Shocked, she stared after her daughter. “I was too faithful,” she mumbled. What did she mean?
Jolene stood stiffly in front of Carolyn. “I have a meeting to go to. She turned away, then glanced over her shoulder. “You and Walt have lunch together.”
Swaying slightly, she tried to compose herself and turned to watch Jolene walk away with rare grace over the bumpy ground, then watched as Detective Martin ran after her. A shadow crossed her vision, and Detective Holmes rushed across the cemetery. She thought he was after Jolene, but witnessed another woman running from the scene as Holmes hot-footed after her.
Carolyn squinted at the female and recognized her, the woman in the red sequined dress at Robert’s apartment. How dare she come here after what she’d done to Kyria.

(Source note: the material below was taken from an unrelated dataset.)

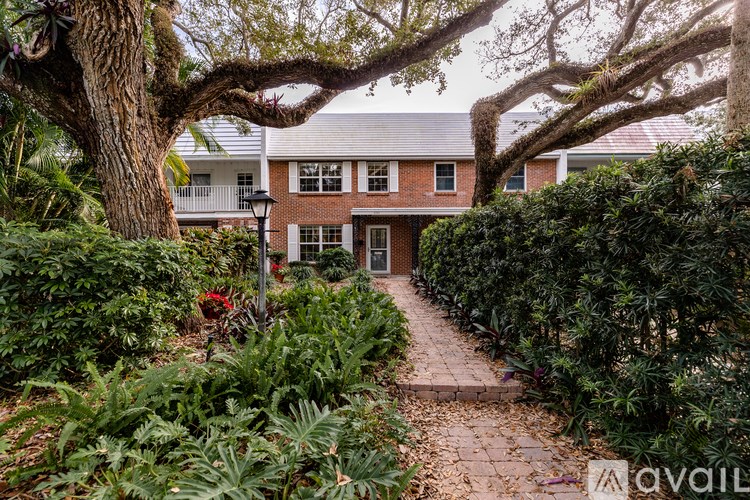 A house with a red brick facade is surrounded by greenery and a pathway leading to the entrance.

“I wonder what’s up,” Walt murmured.
Carolyn stared angrily at the scene. “She’s the woman who left Kyria at Robert’s apartment the night of the murder.”
“Her contempt for people is too much.”
She heard the hard edge to Walt’s voice and glimpsed his rigid jaw and stern expression. With a momentary glance Carolyn’s way, he strode toward the stranger and the detectives.
For a moment, she admired his long strides and athletic body, but determined not to miss out on the event taking place, she rushed after him. From the corner of her eye, she saw Jolene turn in the direction of Detective Holmes.
Carolyn drew near to Jolene, and her daughter asked, “What’s going on?”
“I-It-It’s...” Carolyn put her hand to her chest and breathed deeply before continuing. “She was at your father’s with Kyria.”
“Ooh.” Jolene’s dark-chocolate eyes widened and watered. “Could she be involved in killing him?”
“That’s what I intend to find out.” Thankful Alan wasn’t here, Carolyn scurried over to where Holmes and Walt stood over the woman with Jolene behind her.
She arrived in time to hear the tearful woman. “I’m sorry. I was afraid. I didn’t know he was going to be killed.”
“What was supposed to happen?” Holmes asked, angrily.
“I didn’t know, and I didn’t care. He raped my baby sister when she was only seventeen.” The woman raised her hands imploringly. “She was innocent, and she couldn’t live with what happened. S-she jumped into the Missouri River.” She covered her face with her hands and wept.
Oh, no. If only she’d come forward when Robert had raped her years ago, this could’ve been prevented. No--the police wouldn’t have believed a female saying her spouse raped her. It’d happened so long ago, and people didn’t know about such things then. Carolyn clenched her hands. Her own father might not have believed her then.
Walt’s face looked like storm clouds. Carolyn dug her nails into her palms, remembering the story he’d told her about the young girl who committed suicide. Was this the girl’s sister? Her daughter’s eyes filled with tears, and Carolyn wanted to scream or stomp on someone. Robert may be dead, but the scars he’d left behind would take years to heal.
“Please come with us,” Holmes said gently, holding the woman by the elbow. “We need to ask you a few questions.”
“Okay.” She gulped and asked, “Am I in trouble?”
“We only have a few inquiries for you at this point.” Holmes waved at Martin. “Drive our car, and I’ll go with Ms. Smith.”
“I’m coming in my car,” Jolene said.
“We’re going, too.” She looked at Walt, wishing she’d driven.
He nodded, his expression darker than before.